Aprile 2022
Scenario Mondo Consulenza
Quali sono i principali trend che riguardano il mondo della consulenza oggi in Italia e all’estero?
Venti anni fa Andrea Viganò allora Country Head di BlackRock mi disse, Nicola vedrai che anche in Italia succederà quello che è successo negli Stati Uniti, ovvero il mercato dei clienti private e HNWI passerà progressivamente nelle mani dei consulenti finanziari (in USA e UK ci sono gli IFA Independent Financial Advisor).
Io lo guardai un po’ sgomento, era inimmaginabile all’epoca pensare che quelli che erano allora i promotori finanziari, visti da alcuni con sospetto e diffidenza e tacciati, dagli immancabili detrattori, come dei venditori porta a porta, potessero gestire il patrimonio dei clienti più ricchi e patrimonializzati, i clienti private e HNWI, appunto.
Ebbene quella profezia si è avverata. Oggi il 41% degli asset under management delle reti è riconducibile a clienti private e HNWI che in soli sette anni sono passati da un milione e duecentomila a due milioni e novecentomila (vedere grafico n°1).
Quasi sempre infatti i paesi anglosassoni sono per la finanza un’ottima variabile proxy di quello che poi più o meno puntualmente si verifica nel vecchio continente.
Così è per il mondo della consulenza finanziaria, dove ci si sta progressivamente muovendo dalla pura gestione dei risparmi alla consulenza patrimoniale. Ovverossia alla gestione delle esigenze del cliente nella sua interezza: individuo, famiglia e, ove presente, impresa.
Oggi i più visionari tra capi delle reti e i consulenti finanziari più evoluti hanno sostituito la parola consulenza patrimoniale con pianificazione patrimoniale.
Contrariamente a quello che uno potrebbe pensare non è questione solo etimologica o di lana caprina, ma è l’essenza del futuro della professione.
Da consulente finanziario a consulente patrimoniale. Perché questa evoluzione e cosa implica per i professionisti del settore?
Se mi permette la chiamerei appunto pianificazione patrimoniale termine che abbraccia la consulenza ma non solo.
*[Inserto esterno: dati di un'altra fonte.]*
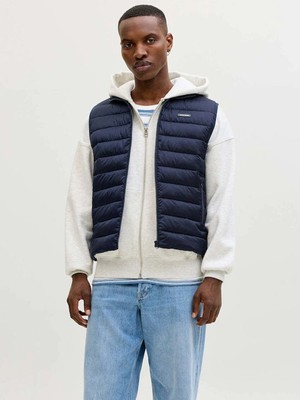 Jack & Jones Jack&jones 12288921 Erkek Yelek - Lacivert
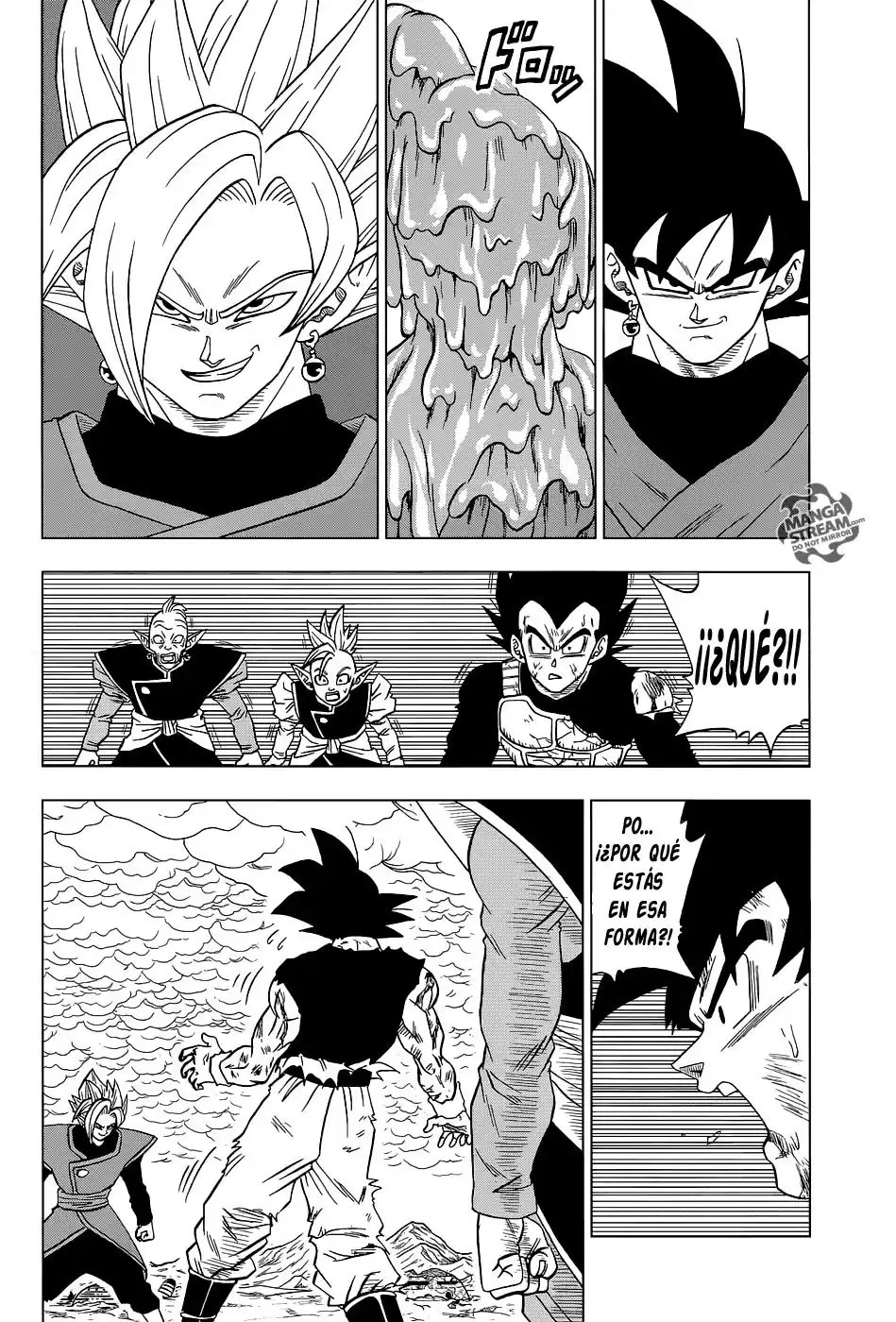 Dragon Ball Super Capitulo 25: ¿Quién Ganará? ¡¿Goku o Zamasu?! página 35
Le tre colonne portanti della pianificazione patrimoniale sono infatti la gestione del risparmio, la protezione e il credito.
Ci sono alcune reti di consulenza finanziaria che sono diventate delle vere e proprie banche, sostituendo quelle di prossimità, affiancando all’offerta di soluzioni di investimento quella di polizze assicurative, mutui, prestiti personali per arrivare al corporate financing per imprese e imprenditori.
Non tutte le reti sembrano abbracciare questo approccio, ci sono infatti alcune reti che preferiscono focalizzarsi solo sulla gestione del risparmio attraverso investimenti finanziari eventualmente inseriti in package assicurativi ma ai soli fini della protezione degli stessi e per finalità fiscali e successorie.
Chi governa le reti più restie ad aprire a un’offerta assicurativa (ramo danni, vita e salute) ha due giuste preoccupazioni: 1) la consapevolezza che non ci si può inventare assicuratori o corporate advisor dalla sera alla mattina se non assumendo specialisti; 2) il modello di servizio assicurativo o del credito è diametralmente opposto a quello degli investimenti, a partire dal fatto che in un caso il rischio lo copri, nell’altro lo fai assumere.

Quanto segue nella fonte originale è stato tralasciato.